I stopped here as the report presents a huge work but the technologies listed are quite strange.

Also we wonder why the following vendors are not listed: Acronis, Apeiron, BridgeStor, Datomia, Datrium, Exablox, GridStore, Igneous, Imanis Data, Komprise, Nakivo, Noobaa, Pavilion Data Systems, Portworx, ProphetStor, Rozo Systems, StorageOS, StorPool, StrongBox, Vexata.

November 11, 2017

AetherStore passes the 30,000 users over 150 countries

AetherStore (www.aetherstore.com), product developed by AetherWorks team, continues to penetrate the market with their brilliant P2P storage solution. Great, I'm a true believer of that with my own project KerStor several years ago.

Visited in New-York in September 2012 during the IT Press Tour #9, AetherStore has made great progress since that meeting. The adoption is pretty rapid with now more than 30,000 users in 150 countries globally. It marks a special milestone as the market changed a bit since the first projects in different world cities.

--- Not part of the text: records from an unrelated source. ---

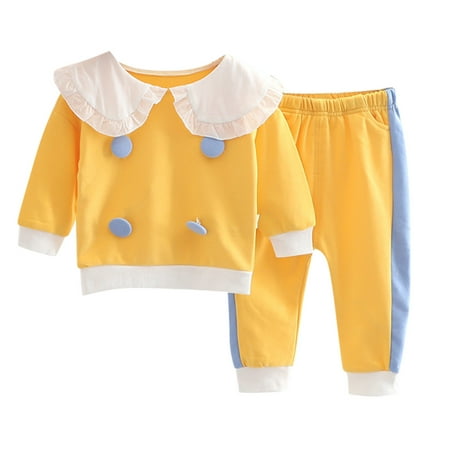 

Toddler Kids Children Baby Girls Long Sleeve Lapel Sweatshirt Blouse Tops Patchwork Pant Trousers Outfits Set 2PCS Clothes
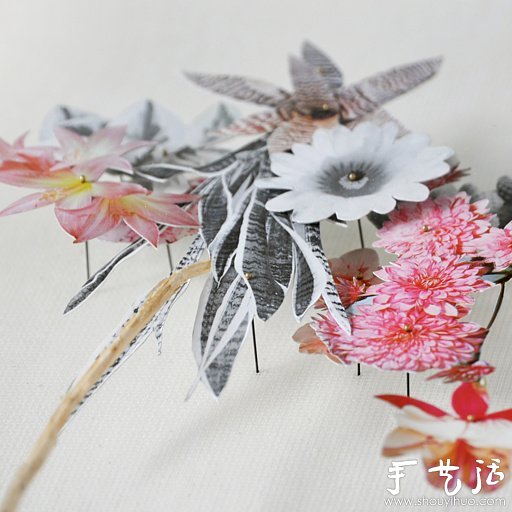 纸花和树枝DIY的精美纸艺作品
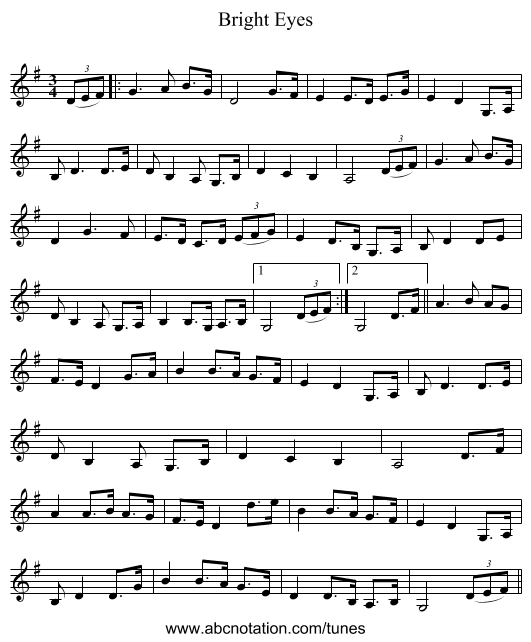 Bright Eyes - staff notation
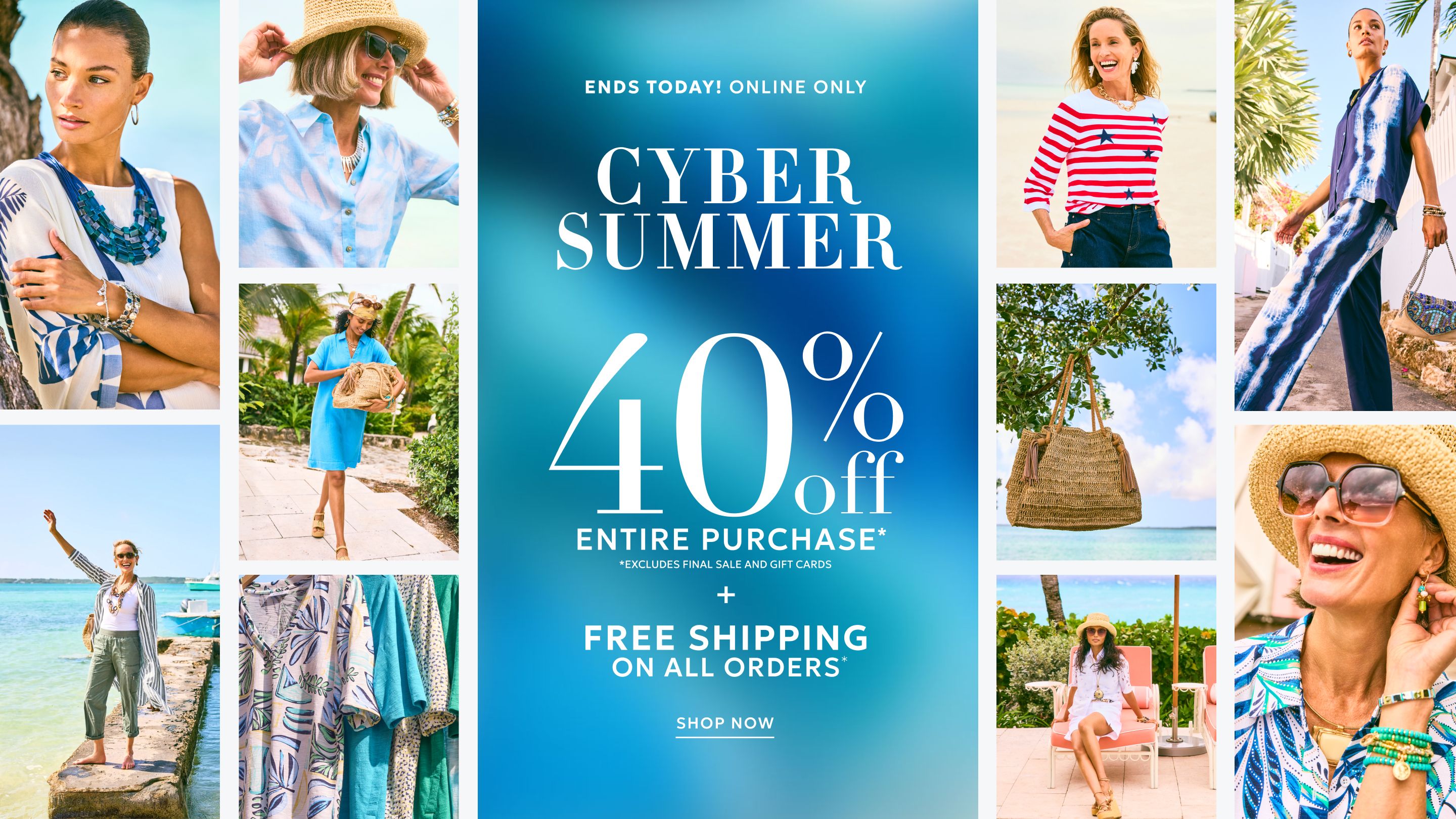 40% off entire purchase plus free shipping on all orders ends today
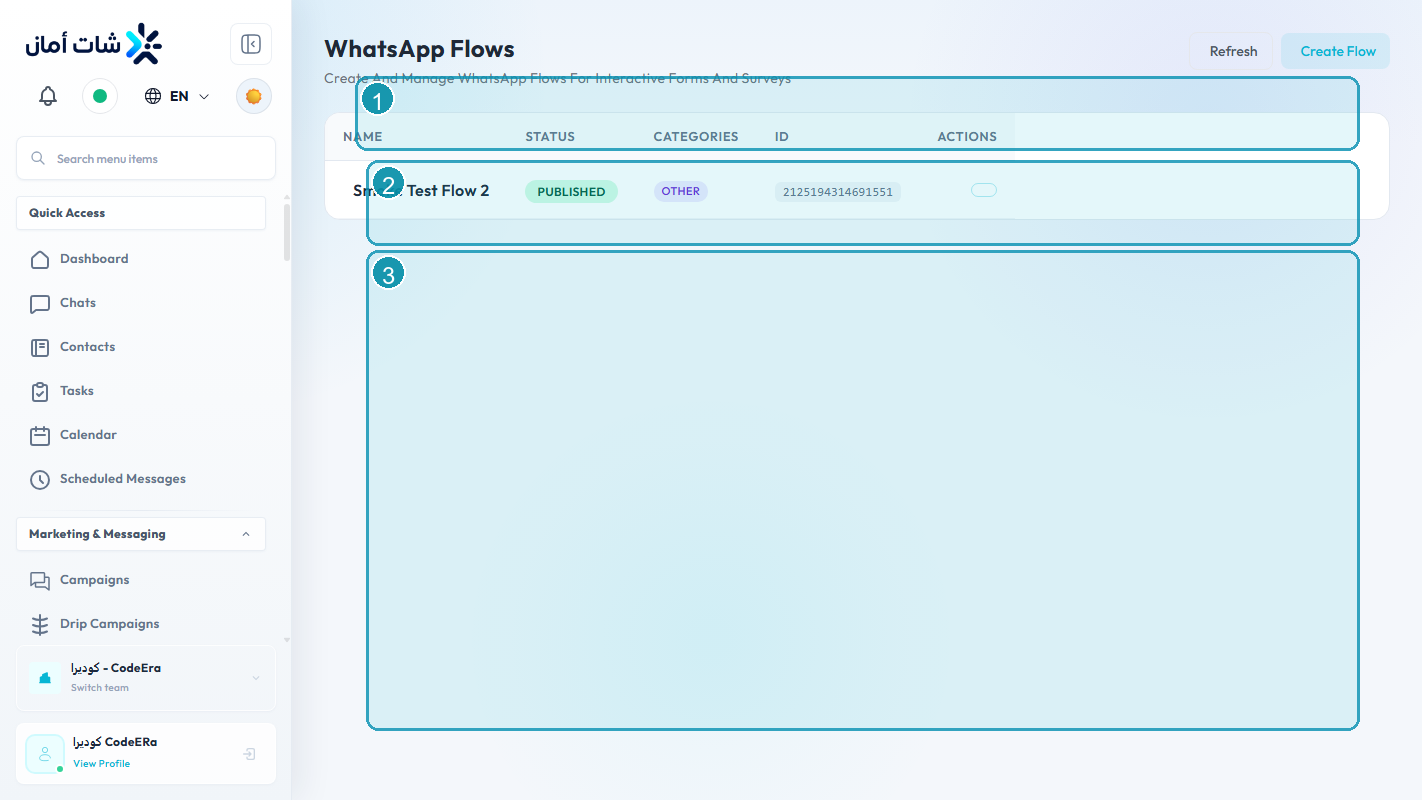 CodeEra WhatsApp flows and automation inside Chataman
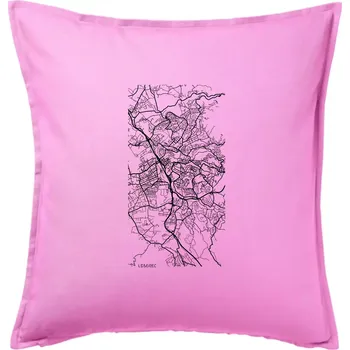 Polštář Mapy měst černobílé Liberec - Polštář 50x50 - 50x50 - Pouze potah ( Růžová )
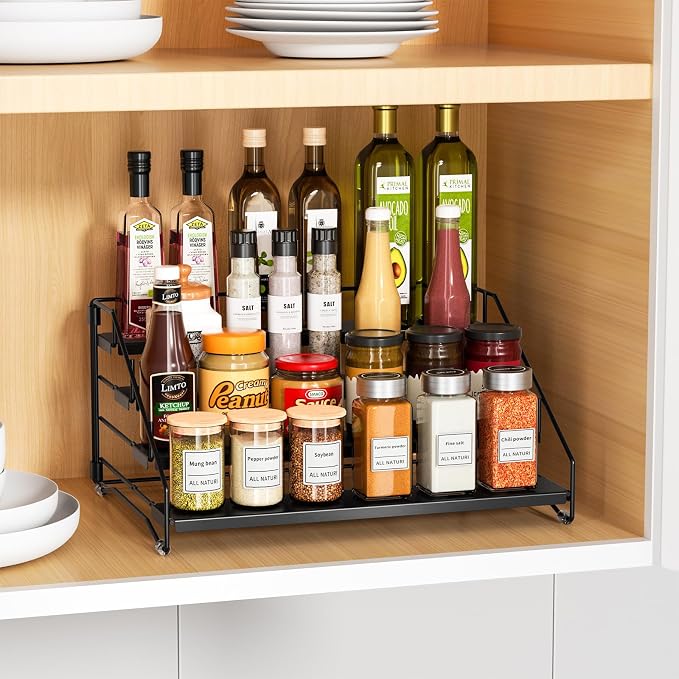 4 Tier Spice Rack Organizer for Cabinet, Depth Adjustable Spice Rack,1 Pack | Black, Metal Spice Organization for Cabinet, Easy Visibility, Tiered Spice Shelf Perfect for Cabinet, Pantry and Countertop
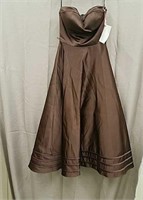 Bill Levkoff Size 4 Brown Strapless Dress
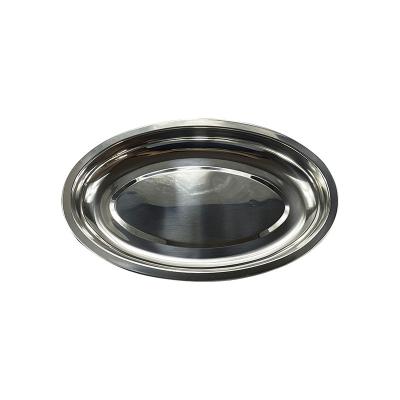 China Sustainable High Quality Stainless Steel Oval Shape Plate Food Serving Dishes Dinner Plates for BBQ Hotel Restaurant for sale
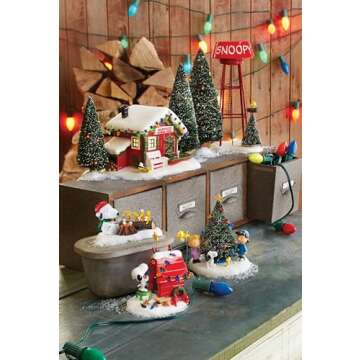 Department 56 Peanuts Decoration, Snoopy’s Dog House, Woodstock, Christmas Lights, 8", Red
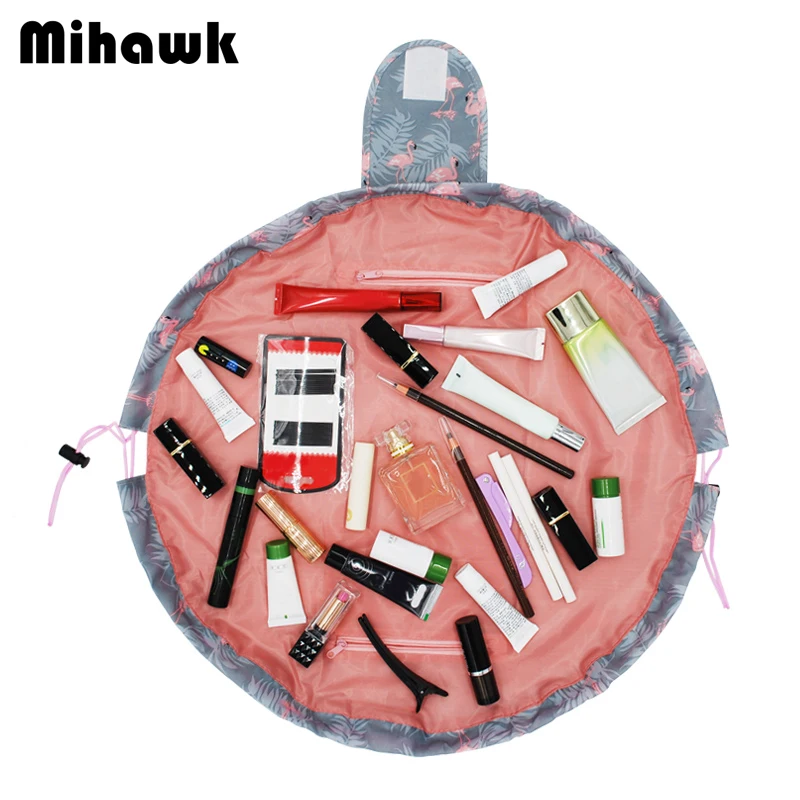 

Mihawk Flamingo Drawstring Fashion Foldable Women's Cosmetic Bag Markup Case Storage Cosmetics Beautician Organizer Accessories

It reminds me some pretty similar p2p, cloud, decentralized or dispersed storage approaches on private or public clouds, with players like Aerofs, Blockade, Cloudplan, Kerstor, Ubistorage, Ugloo, Sia.tech, Space Monkey, Storj, Symform, Transporter, Tudzu, or Wuala. Some of them still exist, others disappeared, got acquired or changed their model to offer P2P backup.

Like others, AetherStore targets now a backup use case that reduces the original promises made by all the players in that category. Initially these solutions bring on the table several key advantages:
  1. Stop to buy and over provision with new hardware,
  2. Increase the used ratio of the current deployment storage entities,
  3. Then the storage optimization is improved in favor on a real better used TB/$.
The difficulty came from initially the drop of the storage cost but above all the lack of partnership as nobody in the sales chain wished to reduce the storage sales. I’m sure you remember the swiss company named Wuala who approached the market with a trade model. The company got acquired by LaCie in 2009 and LaCie got acquired three years later by Seagate in 2012. Guess what, Seagate shut downed the Wuala service. It’s difficult to promote a service that could participate of the erosion of hard drives sales.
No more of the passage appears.